When you buy or lease a new vehicle, it starts to depreciate the moment it leaves the lot. Beyond that, most cars lose 20% of their value within a year. If you financed your vehicle, your lender will likely require that you purchase “full” or comprehensive and collision coverage to protect their investment. This protection will better cover you in the event your car is damaged, stolen, or totaled. However, most insurance companies will only cover the market value of the car, which considers the depreciation of its value over time.
Depending on your loan and the value of your car, there may be a disconnect between how much you owe on the car and its value. This is called negative equity. What does this mean for you? If you are in an accident with your new car and it is totaled, your car’s value may be less than what you owe on it and your insurer will only compensate you for what the car is worth. You will be responsible for the remaining amount owed on your loan or the “gap”.
What is gap insurance?
Fortunately, there’s gap insurance. Gap insurance is an optional coverage that can help protect you in the event your car is totaled while you still owe on your loan. Totaled means the costs to repair your vehicle exceeds the value of the vehicle. As an example, let’s say you purchased a brand new $20,000 car and after a period of time, you now owe $15,000 on your loan. Now let’s say you are in an accident and the insurer totaled your car and the market value is now only $14,000. Since your loan has $15,000 and the insurer is only paying $14,000, you would still owe $1,000 to your loan. Gap insurance would help pay that $1,000 difference (after your deductible).

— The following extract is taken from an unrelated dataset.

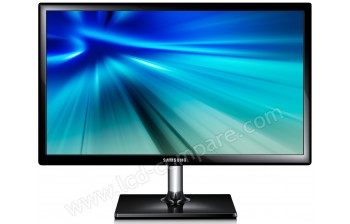 SAMSUNG S23C550H - 23 pouces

According to the Insurance Information Institute (III), it may be a good idea to purchase gap insurance if you made less than a 20% down payment on your car, if you financed it for 60 months or longer, if you are leasing the vehicle (as it is usually a requirement in this case), if you purchased a vehicle that depreciates at a faster than average rate, or if you rolled over negative equity from an old car loan to a new one.
What gap insurance does not cover
To put it simply, gap insurance only covers you if your vehicle is totaled. It does not cover property damage or bodily injuries resulting from an accident. Gap insurance can cover you in the event your car is stolen and unrecovered, but it will not cover you if your car’s engine fails or there is a death as a result of an accident.
Where to get gap insurance
Usually, you can purchase gap insurance from the dealer you purchase your car from. However, you will usually pay more than if you purchased coverage from a car insurer. You can also purchase a type of gap coverage from your auto insurer, it it’s offered. Some, not all, car insurers may allow you to purchase gap insurance after you purchase your car, but many require your car to be brand new. Gap insurance is usually affordable and can give you peace of mind in the event your new car is totaled while you still owe on it.
When considering gap insurance, keep in mind that a gap between your car’s value and the amount you owe may linger for a couple of years. Gap insurance can prevent you from being solely responsible for the difference in the event of a total loss of your vehicle. This gap will eventually vanish but in the meantime, there’s gap insurance.